[Exercise details]: Only one stretch of the data is wanted: the line containing "PRIJOUHE Men's Casual", the line containing "Conjunto de Sofá", and every line between them, copied exactly.

(Stored data entries)
▼
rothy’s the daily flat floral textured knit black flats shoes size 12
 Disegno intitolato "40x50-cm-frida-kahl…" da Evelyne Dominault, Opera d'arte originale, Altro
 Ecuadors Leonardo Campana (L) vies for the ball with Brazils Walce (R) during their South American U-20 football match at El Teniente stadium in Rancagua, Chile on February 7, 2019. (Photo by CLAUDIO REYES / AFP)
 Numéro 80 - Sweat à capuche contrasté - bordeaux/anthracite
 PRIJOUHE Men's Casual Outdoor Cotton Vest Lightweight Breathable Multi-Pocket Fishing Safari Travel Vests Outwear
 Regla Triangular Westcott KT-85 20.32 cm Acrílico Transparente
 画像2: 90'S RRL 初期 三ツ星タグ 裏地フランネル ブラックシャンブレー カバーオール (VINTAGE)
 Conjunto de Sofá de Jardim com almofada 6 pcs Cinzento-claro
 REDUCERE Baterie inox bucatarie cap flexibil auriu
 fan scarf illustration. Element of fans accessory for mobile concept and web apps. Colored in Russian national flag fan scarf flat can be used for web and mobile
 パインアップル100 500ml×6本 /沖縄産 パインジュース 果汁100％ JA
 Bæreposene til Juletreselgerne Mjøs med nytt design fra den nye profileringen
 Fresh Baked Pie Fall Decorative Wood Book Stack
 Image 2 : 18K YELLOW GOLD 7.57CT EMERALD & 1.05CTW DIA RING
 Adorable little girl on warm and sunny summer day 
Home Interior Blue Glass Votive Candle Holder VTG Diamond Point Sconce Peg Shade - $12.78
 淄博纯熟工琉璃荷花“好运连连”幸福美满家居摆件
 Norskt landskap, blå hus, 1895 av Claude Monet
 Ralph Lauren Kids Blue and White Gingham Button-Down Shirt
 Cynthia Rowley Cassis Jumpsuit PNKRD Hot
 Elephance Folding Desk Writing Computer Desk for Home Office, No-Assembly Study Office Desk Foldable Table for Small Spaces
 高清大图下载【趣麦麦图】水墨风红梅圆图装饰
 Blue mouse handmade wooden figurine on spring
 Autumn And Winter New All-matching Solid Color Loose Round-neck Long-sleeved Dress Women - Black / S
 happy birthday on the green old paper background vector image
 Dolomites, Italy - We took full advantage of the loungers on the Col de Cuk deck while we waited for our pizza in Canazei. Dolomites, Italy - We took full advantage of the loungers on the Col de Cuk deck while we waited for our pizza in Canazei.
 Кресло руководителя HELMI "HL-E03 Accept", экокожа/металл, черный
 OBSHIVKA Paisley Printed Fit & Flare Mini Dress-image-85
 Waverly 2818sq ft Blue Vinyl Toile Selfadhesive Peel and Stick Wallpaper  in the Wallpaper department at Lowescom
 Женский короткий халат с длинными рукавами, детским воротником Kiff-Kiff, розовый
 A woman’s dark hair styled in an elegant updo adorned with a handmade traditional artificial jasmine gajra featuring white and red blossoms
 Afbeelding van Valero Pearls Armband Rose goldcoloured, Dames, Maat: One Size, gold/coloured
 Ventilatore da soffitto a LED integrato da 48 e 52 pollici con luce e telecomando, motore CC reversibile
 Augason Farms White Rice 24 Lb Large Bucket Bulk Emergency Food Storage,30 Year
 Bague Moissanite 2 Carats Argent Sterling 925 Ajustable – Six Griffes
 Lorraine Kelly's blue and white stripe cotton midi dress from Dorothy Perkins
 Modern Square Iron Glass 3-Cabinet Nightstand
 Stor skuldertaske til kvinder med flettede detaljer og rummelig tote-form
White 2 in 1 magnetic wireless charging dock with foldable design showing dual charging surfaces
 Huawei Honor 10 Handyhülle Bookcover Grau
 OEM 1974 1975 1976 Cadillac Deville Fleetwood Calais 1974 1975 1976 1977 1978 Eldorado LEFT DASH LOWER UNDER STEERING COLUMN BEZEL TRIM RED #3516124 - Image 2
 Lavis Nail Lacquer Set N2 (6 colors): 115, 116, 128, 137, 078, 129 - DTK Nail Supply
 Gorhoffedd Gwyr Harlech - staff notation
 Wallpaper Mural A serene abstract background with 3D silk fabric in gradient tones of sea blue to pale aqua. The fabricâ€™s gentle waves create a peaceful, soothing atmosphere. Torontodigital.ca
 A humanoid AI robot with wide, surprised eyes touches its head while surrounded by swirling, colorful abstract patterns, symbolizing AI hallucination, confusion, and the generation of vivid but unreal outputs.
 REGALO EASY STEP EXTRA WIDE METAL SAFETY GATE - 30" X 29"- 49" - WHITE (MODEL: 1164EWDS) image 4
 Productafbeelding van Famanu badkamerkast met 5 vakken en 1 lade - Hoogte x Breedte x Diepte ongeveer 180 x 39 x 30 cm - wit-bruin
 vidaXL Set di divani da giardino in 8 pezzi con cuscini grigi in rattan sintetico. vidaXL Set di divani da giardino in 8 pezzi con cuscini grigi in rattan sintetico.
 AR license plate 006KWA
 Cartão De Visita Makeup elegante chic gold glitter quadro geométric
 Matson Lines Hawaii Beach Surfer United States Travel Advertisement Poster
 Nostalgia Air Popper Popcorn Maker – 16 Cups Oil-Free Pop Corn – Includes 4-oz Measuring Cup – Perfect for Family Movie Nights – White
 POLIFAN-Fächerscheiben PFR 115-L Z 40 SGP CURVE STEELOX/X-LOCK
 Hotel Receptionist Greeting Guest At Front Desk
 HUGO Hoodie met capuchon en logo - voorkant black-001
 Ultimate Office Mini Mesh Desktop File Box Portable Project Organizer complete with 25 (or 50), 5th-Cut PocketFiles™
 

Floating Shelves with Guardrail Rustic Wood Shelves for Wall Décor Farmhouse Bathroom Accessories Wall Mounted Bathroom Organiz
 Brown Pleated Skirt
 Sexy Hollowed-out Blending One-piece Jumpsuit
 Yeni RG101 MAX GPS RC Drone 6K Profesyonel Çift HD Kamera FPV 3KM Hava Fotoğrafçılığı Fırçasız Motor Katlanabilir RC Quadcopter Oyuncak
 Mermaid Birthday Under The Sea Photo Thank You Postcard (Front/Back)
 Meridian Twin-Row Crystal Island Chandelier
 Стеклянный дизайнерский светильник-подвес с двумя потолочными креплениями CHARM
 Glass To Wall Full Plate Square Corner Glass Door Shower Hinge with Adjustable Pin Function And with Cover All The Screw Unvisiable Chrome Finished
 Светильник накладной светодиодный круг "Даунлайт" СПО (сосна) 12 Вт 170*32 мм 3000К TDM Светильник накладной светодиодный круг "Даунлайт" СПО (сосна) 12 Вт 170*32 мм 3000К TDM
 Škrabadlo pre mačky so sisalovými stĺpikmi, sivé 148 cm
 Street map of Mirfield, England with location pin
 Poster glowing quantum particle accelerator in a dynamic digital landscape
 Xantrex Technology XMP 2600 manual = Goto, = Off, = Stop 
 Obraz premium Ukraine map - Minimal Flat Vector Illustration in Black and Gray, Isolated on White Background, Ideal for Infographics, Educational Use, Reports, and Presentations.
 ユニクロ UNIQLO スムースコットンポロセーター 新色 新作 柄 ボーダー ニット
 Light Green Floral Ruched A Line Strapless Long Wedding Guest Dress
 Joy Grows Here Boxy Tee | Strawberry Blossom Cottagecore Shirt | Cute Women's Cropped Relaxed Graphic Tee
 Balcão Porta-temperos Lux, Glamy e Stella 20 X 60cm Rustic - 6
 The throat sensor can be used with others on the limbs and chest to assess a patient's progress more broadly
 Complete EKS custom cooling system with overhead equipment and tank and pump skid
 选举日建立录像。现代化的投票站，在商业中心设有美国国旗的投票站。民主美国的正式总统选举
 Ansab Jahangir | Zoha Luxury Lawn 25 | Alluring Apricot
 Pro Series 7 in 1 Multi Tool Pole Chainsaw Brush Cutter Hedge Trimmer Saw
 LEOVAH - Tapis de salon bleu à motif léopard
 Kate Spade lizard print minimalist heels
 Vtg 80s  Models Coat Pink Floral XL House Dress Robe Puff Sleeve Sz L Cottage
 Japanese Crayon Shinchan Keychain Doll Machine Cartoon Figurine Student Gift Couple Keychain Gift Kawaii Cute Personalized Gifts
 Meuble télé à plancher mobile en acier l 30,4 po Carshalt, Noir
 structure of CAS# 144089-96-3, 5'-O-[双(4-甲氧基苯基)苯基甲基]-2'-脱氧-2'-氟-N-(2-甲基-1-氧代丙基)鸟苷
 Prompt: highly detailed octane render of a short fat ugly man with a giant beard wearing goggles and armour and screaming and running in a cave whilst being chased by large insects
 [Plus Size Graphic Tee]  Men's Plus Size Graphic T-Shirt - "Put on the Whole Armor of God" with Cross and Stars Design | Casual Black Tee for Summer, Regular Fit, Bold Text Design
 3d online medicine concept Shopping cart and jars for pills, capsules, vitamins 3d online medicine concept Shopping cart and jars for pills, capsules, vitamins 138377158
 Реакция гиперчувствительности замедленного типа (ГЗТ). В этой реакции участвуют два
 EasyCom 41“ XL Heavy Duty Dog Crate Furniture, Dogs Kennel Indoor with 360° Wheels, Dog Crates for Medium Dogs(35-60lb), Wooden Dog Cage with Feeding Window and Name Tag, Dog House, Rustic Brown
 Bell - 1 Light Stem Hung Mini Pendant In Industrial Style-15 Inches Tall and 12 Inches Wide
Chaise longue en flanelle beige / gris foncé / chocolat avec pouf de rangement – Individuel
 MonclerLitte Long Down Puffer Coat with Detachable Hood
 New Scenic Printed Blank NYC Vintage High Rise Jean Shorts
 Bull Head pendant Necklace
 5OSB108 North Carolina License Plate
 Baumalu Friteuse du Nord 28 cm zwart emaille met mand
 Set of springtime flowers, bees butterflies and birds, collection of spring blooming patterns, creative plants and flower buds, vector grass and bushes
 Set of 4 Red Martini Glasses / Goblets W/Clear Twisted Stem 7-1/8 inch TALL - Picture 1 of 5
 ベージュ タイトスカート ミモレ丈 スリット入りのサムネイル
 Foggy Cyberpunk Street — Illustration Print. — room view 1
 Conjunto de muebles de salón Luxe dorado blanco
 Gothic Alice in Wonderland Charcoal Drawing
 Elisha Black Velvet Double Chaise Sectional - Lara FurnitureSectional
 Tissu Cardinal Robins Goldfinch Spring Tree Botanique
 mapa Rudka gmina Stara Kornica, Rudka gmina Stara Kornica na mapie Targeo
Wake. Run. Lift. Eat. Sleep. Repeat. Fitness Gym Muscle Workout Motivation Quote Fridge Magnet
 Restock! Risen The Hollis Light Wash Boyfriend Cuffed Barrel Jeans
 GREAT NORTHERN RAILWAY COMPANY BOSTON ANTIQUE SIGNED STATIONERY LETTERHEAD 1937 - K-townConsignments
▲
[Response for this exercise]:
 PRIJOUHE Men's Casual Outdoor Cotton Vest Lightweight Breathable Multi-Pocket Fishing Safari Travel Vests Outwear
 Regla Triangular Westcott KT-85 20.32 cm Acrílico Transparente
 画像2: 90'S RRL 初期 三ツ星タグ 裏地フランネル ブラックシャンブレー カバーオール (VINTAGE)
 Conjunto de Sofá de Jardim com almofada 6 pcs Cinzento-claro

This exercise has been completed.